● **What is expected**: Lines from the one containing "John Deere 292" through the end of the material are to be retyped exactly; do not copy pictures.

+ + + + + + +

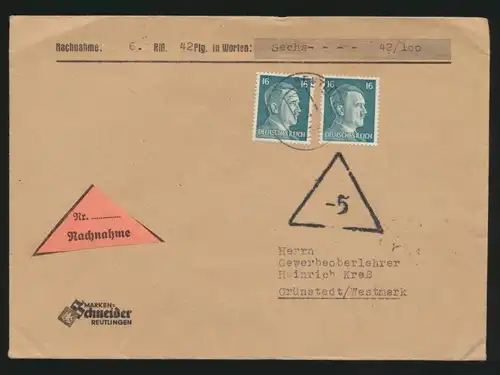 Deutsches Reich Brief 790 auf Nachnahme Reutlingen nach Grünstadt Westmark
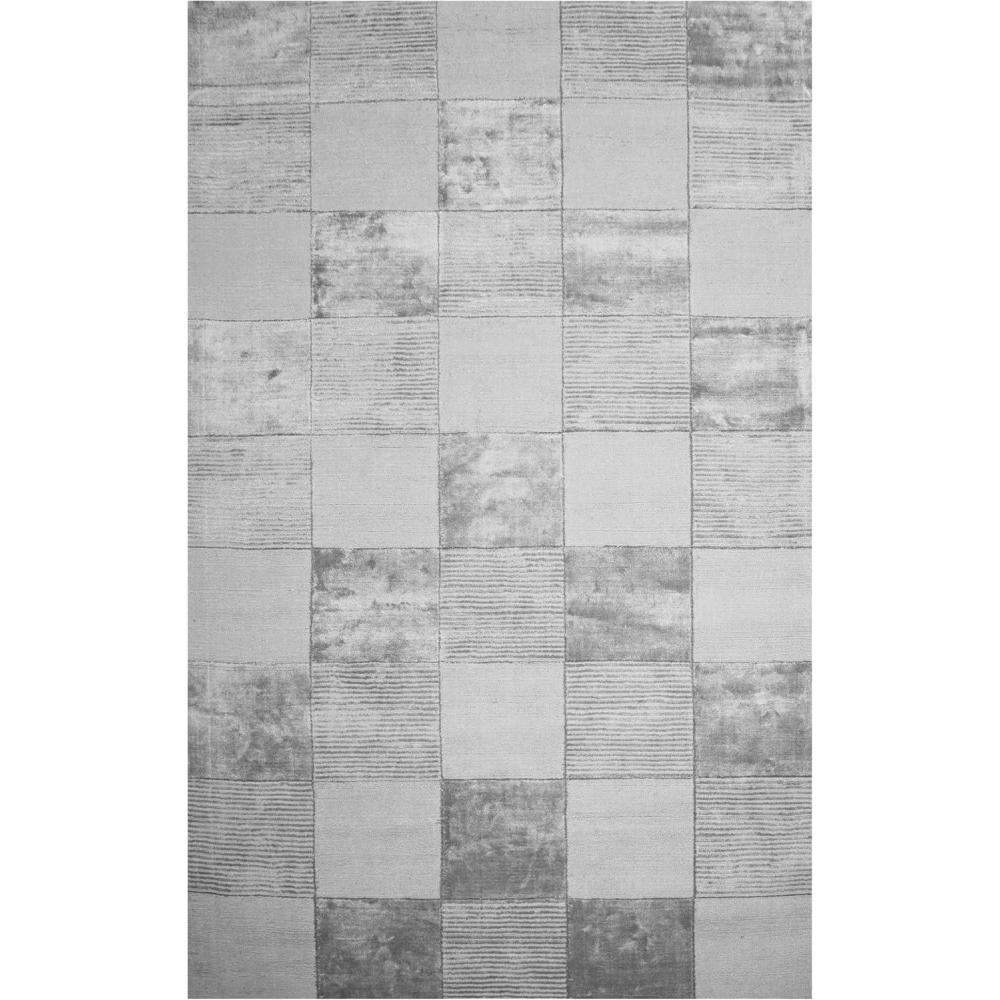 imageSuperior Checkered Hand Woven Viscose Area Rug with Cotton Canvas Backing Neutral Rug with Cool and Silky Soft Viscose Pile  Beige 5 x 8 RugCheckered  Grey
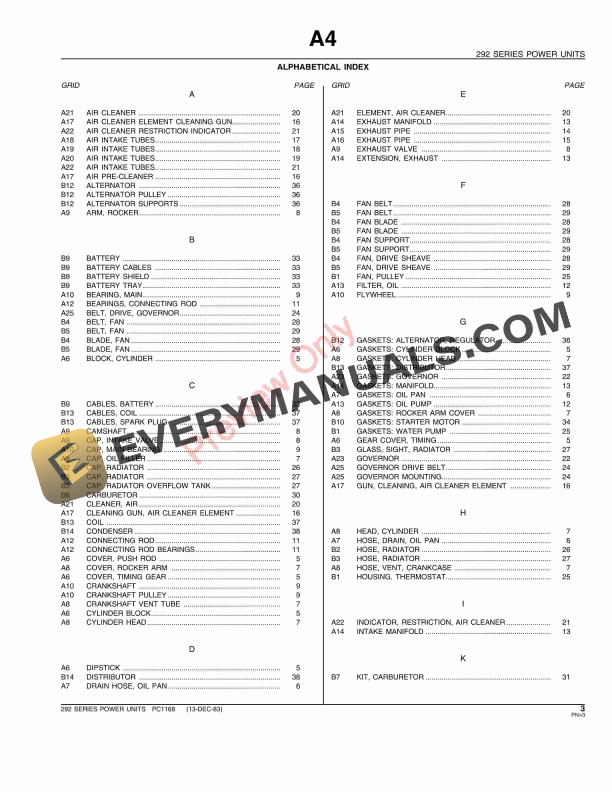 John Deere 292 Series Power Units Parts Catalog PC1168 13DEC83 5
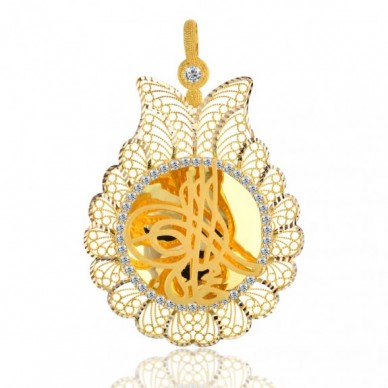 Tam Boy Tuğra 14K Altın Kolye Model 84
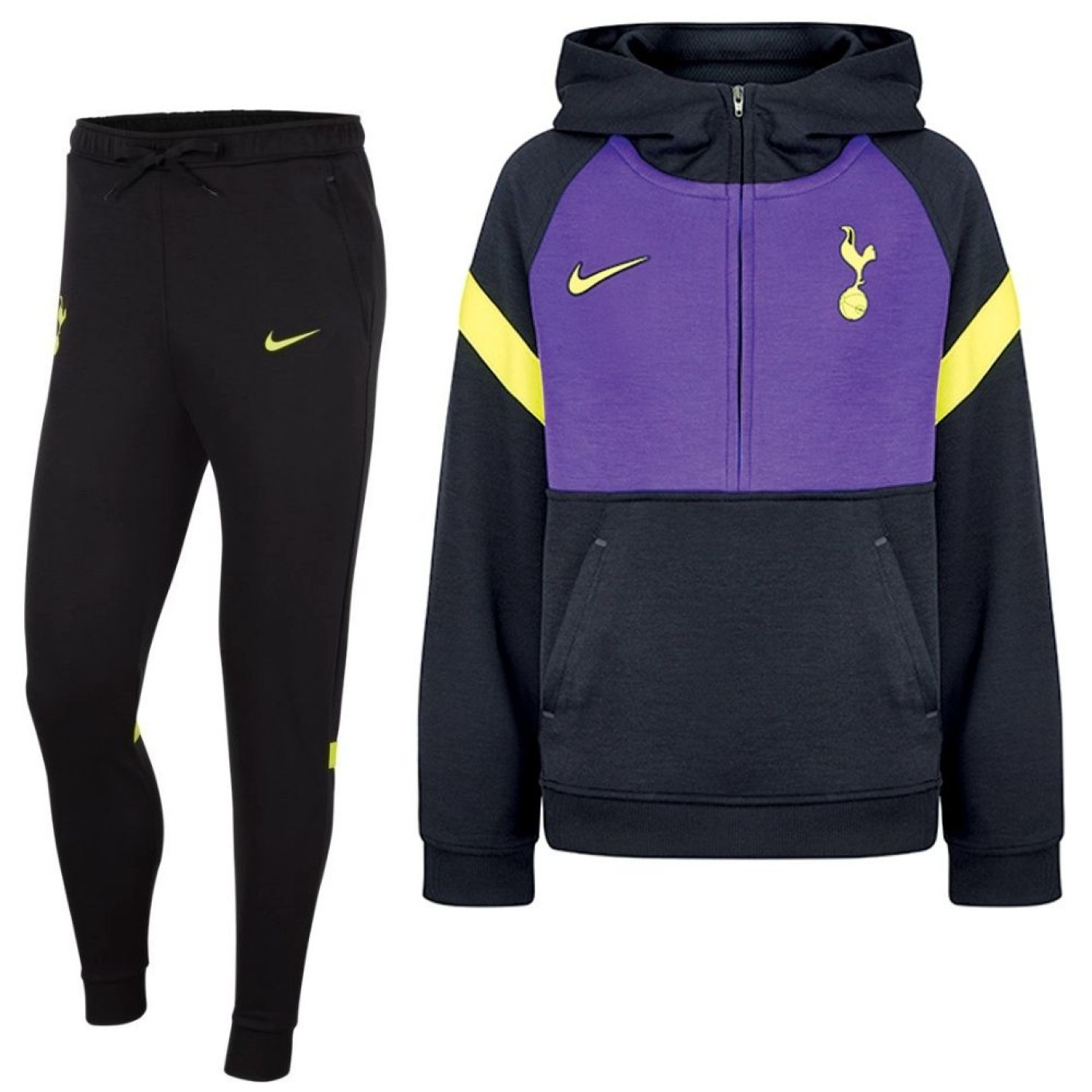 Nike Tottenham Hotspur Travel Fleece Survetement 2021 2022 Enfants Noir Violet Vert vif Voetbalshop.be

+ + + + + + +

● **Answer box**:
 John Deere 292 Series Power Units Parts Catalog PC1168 13DEC83 5
 Tam Boy Tuğra 14K Altın Kolye Model 84
 Nike Tottenham Hotspur Travel Fleece Survetement 2021 2022 Enfants Noir Violet Vert vif Voetbalshop.be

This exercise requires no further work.